What is required:
Lines before the one containing "شومیز ژاکارد" in the records below are to be left out; that line and all after it, through the end, are to be retyped exactly.

Input data START

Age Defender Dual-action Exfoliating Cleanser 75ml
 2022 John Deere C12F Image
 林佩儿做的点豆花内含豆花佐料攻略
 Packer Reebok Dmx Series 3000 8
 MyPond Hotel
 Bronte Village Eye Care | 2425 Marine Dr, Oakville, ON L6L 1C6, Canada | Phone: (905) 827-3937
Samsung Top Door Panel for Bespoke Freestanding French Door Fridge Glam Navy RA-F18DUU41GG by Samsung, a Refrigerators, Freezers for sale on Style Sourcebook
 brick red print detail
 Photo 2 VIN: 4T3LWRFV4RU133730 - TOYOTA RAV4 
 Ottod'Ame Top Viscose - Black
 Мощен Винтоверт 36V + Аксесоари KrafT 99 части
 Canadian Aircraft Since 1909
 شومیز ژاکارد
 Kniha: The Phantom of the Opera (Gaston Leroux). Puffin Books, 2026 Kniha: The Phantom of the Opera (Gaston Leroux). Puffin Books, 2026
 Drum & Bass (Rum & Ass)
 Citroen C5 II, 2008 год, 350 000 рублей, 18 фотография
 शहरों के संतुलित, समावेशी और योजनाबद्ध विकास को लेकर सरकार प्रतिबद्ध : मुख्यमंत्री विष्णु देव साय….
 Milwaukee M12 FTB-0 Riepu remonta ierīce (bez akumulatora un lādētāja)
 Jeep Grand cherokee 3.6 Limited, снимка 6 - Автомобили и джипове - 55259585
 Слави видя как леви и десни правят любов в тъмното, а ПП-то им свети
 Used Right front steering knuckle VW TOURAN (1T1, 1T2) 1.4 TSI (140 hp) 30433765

Input data END

Answer to this exercise:
 شومیز ژاکارد
 Kniha: The Phantom of the Opera (Gaston Leroux). Puffin Books, 2026 Kniha: The Phantom of the Opera (Gaston Leroux). Puffin Books, 2026
 Drum & Bass (Rum & Ass)
 Citroen C5 II, 2008 год, 350 000 рублей, 18 фотография
 शहरों के संतुलित, समावेशी और योजनाबद्ध विकास को लेकर सरकार प्रतिबद्ध : मुख्यमंत्री विष्णु देव साय….
 Milwaukee M12 FTB-0 Riepu remonta ierīce (bez akumulatora un lādētāja)
 Jeep Grand cherokee 3.6 Limited, снимка 6 - Автомобили и джипове - 55259585
 Слави видя как леви и десни правят любов в тъмното, а ПП-то им свети
 Used Right front steering knuckle VW TOURAN (1T1, 1T2) 1.4 TSI (140 hp) 30433765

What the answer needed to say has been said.